Split dataframe using two columns of data and apply common transformation on list of resulting dataframes
Asked Answered
D

3

47

I want to split a large dataframe into a list of dataframes according to the values in two columns. I then want to apply a common data transformation on all dataframes (lag transformation) in the resulting list.
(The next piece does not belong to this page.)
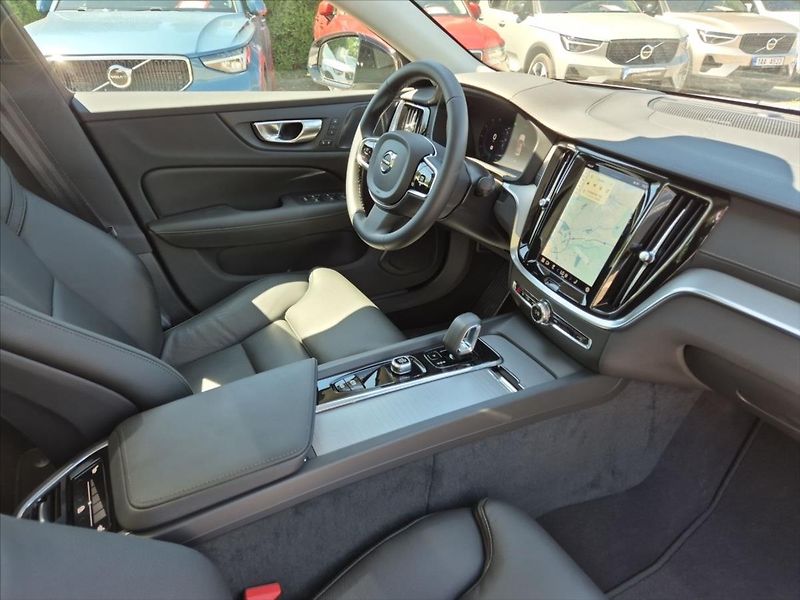 Volvo S60 2,0 B5 AWD Ultimate Dark - fotka 11 z 17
I'm aware of the split command but can only get it to work on one column of data at a time.

Driscoll answered 20/1, 2012 at 14:12 Comment(0)
N
77

You need to put all the factors you want to split by in a list, eg:

split(mtcars,list(mtcars$cyl,mtcars$gear))

Then you can use lapply on this to do what else you want to do.

If you want to avoid having zero row dataframes in the results, there is a drop parameter whose default is the opposite of the drop parameter in the "[" function.

split(mtcars,list(mtcars$cyl,mtcars$gear), drop=TRUE)
Natalya answered 20/1, 2012 at 14:46 Comment(0)
G
7

how about this one:

 library(plyr)
 ddply(df, .(category1, category2), summarize, value1 = lag(value1), value2=lag(value2))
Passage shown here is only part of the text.